The department used a building at the now-closed Sawyers Hall College in Brentwood, which is now Becket Keys High School.
Essex County Council (ECC) and the governing body of Sawyers Hall College stood alongside Havering College when it was accused of being liable for damages.
But ECC has now been told it is not responsible for the injuries as it was not an occupier of the building.
On November 20, 2012, the flue to the boiler in the building suffered a catastrophic blockage, resulting in the escape of very high levels of carbon monoxide.

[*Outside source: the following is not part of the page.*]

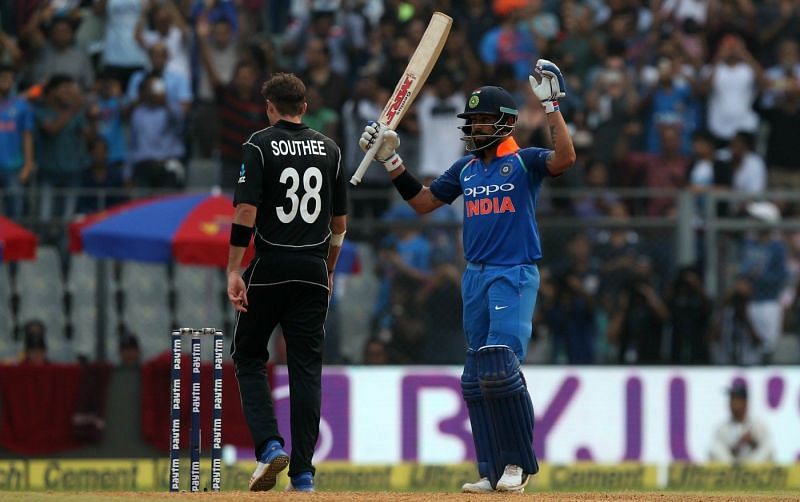 Virat raises his bat after 31st ODI hundred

In 2018 the judge at Central London County Court found all three appellants - Havering College, ECC and Sawyers Hall College - in breach of their duty under the 1957 Occupied Liability Act, and the college was additionally found in breach of the duties it owed to the claimants as employer.
The claimants were awarded sums ranging from £7,000 to £15,000, generally in accordance with the length of exposure (£15,000 representing exposure over a period of a little over two years).
No students were affected by the gas as they were not subjected to it for long enough for it to have an affect.
At appeal at the High Court, the county council and the school governing body successfully pleaded that they were simply landlords (at different times) of the premises and were not "occupiers" owing the material duties under the 1957 Act.
Mr Justice Saini said it was his judgement that a landlord does not owe a duty of care to its tenants or visitors of its tenants.